In just the last week, back yards and busy streets of coastal towns in both Massachusetts and Rhode Island were overrun with river water and saw coastal flooding after experiencing record-breaking rainfall totals; well over five inches in a 24-hour span in some parts, while Boston saw nearly three inches on Sunday.
A report from the U.N. Intergovernmental Panel on Climate Change (IPCC), released earlier this week, warns that while temperatures are not only rising faster than previously expected – at roughly 3.6 degrees Fahrenheit every year – but the probability that it is a man-made phenomenon also rose from 90 percent in 2007 to 95 percent in September 2013.
Although we didn’t see any Superstorm Sandy on the east coast this hurricane season, forecasters are now predicting 11 named storms, five of which are thought to reach hurricane status in 2014, according to a Weather Channel report last week.

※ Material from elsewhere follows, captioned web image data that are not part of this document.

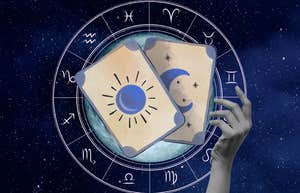 zodiac signs tarot card reading october 16, 2025 zodiac signs tarot card reading october 16, 2025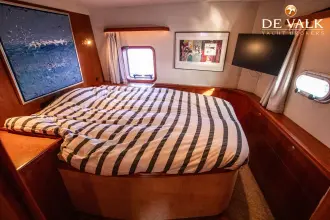 Thumbnail von Elling E3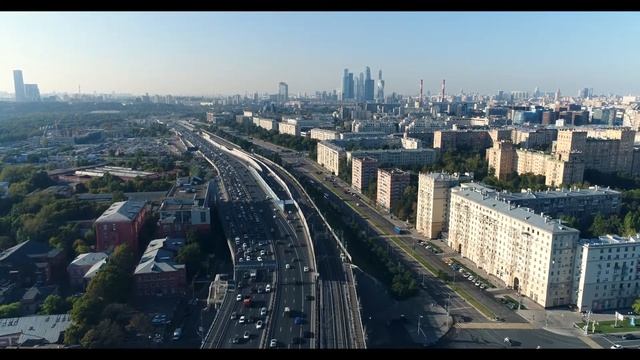 Corporate Motivational Background Music For Videos | In Beat Of The City By Vladimir Takinov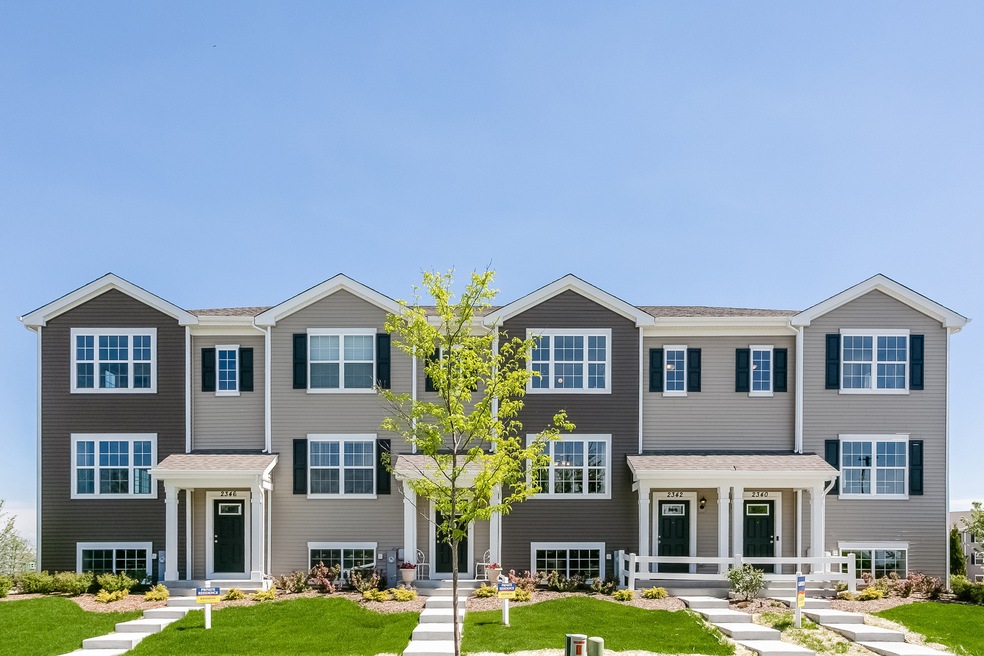 Excellent Lincoln home in exemplary lifestyle comm
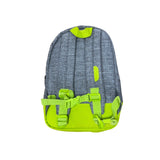Herschel Heritage™ Backpack | Little Kids - 15L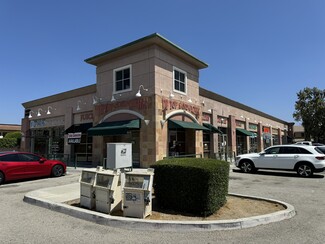 More details for 14092-14112 Brookhurst St, Garden Grove, CA - Retail for Lease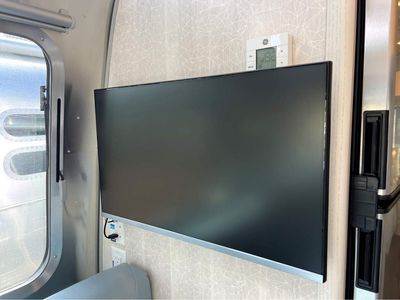 2026 Airstream International - Photo 11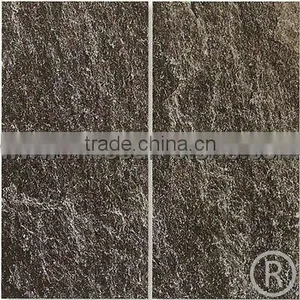 Black Slate Tile thumbnail-1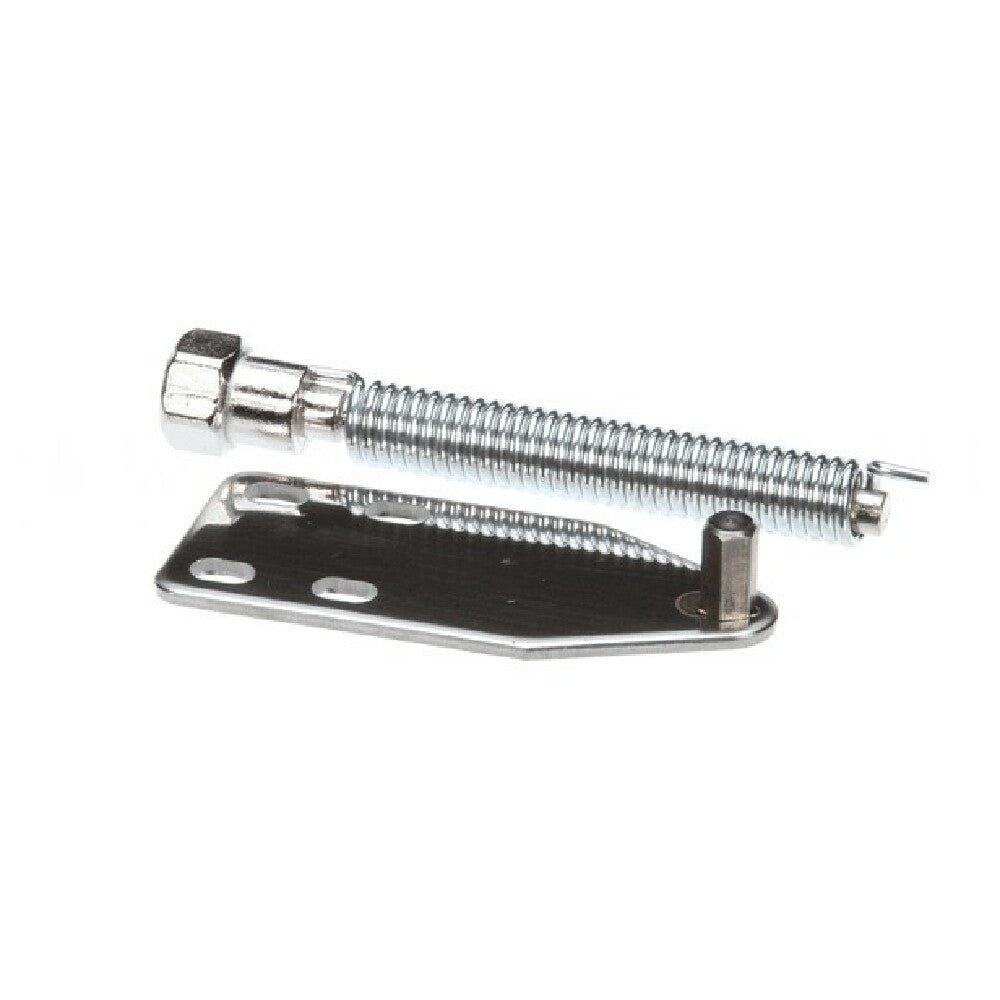 Master-Bilt 02-145828 Ft Right Hinge Assembly Kit Fa100k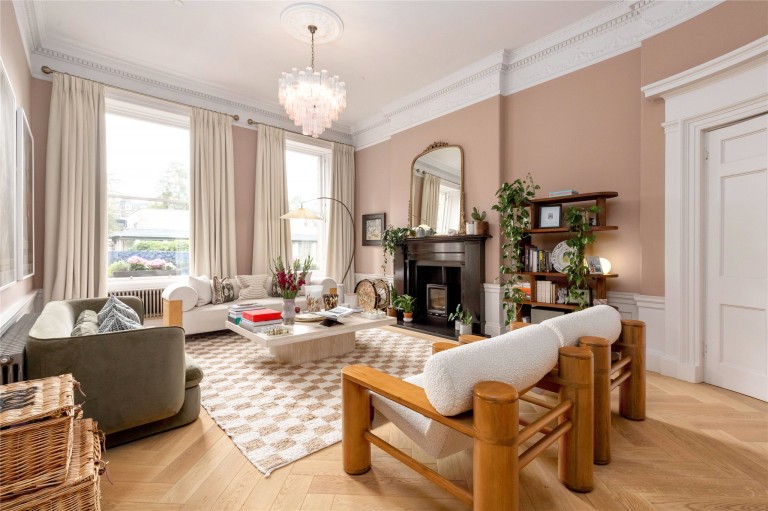 Images for Edinburgh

In addition to immediate events, the U.N. report also points to carbon emissions at the root of desolation in the agricultural districts of the country, taking a huge toll on food production, and predicting cuts to the world economic output by nearly 2 percent each year.
In an age when polar ice cap melting is no longer a myth, and storms are consistently larger and the cause for cataclysmic ecological and economic effects, lawmakers should take note what scientists have been saying for nearly a century and address the severity of climate change.
While steps have already been taken by an ambitious few, yesterday is the time for a citywide, and worldwide effort, to impose stricter emissions regulations, recycling standards and innovation for new incentives to convert ozone-damaging gasses to renewable energy.